_TASK INSTRUCTIONS:_ Below are records; reproduce exactly the lines from the one that has "The Graco Pack" through the one that has "Hello everyone. This", ends included, and nothing more.

Stored data entries:
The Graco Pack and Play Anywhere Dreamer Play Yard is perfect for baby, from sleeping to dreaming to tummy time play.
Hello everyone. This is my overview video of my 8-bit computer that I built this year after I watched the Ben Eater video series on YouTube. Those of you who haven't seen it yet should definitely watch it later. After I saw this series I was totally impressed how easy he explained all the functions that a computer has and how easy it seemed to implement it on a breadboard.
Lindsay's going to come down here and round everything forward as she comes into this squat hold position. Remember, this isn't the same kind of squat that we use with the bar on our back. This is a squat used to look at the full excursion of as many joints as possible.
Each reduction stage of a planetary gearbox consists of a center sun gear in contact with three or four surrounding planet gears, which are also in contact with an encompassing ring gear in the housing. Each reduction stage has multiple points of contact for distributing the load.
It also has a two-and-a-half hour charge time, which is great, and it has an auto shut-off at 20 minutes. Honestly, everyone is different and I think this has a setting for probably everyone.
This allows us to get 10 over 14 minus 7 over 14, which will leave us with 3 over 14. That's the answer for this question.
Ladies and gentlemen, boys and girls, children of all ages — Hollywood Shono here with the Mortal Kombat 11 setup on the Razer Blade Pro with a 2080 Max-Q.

==

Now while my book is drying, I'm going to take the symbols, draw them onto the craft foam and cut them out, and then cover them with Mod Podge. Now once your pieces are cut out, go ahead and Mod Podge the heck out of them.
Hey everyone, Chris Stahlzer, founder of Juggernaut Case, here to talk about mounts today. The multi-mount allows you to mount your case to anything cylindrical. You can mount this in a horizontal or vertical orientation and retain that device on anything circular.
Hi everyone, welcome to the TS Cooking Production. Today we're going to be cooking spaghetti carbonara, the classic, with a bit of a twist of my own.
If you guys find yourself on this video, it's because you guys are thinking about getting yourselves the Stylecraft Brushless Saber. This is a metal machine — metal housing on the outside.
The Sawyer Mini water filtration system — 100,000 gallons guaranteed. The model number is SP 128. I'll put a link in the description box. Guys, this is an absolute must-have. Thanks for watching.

_RESULT OF THE EXERCISE:_
The Graco Pack and Play Anywhere Dreamer Play Yard is perfect for baby, from sleeping to dreaming to tummy time play.
Hello everyone. This is my overview video of my 8-bit computer that I built this year after I watched the Ben Eater video series on YouTube. Those of you who haven't seen it yet should definitely watch it later. After I saw this series I was totally impressed how easy he explained all the functions that a computer has and how easy it seemed to implement it on a breadboard.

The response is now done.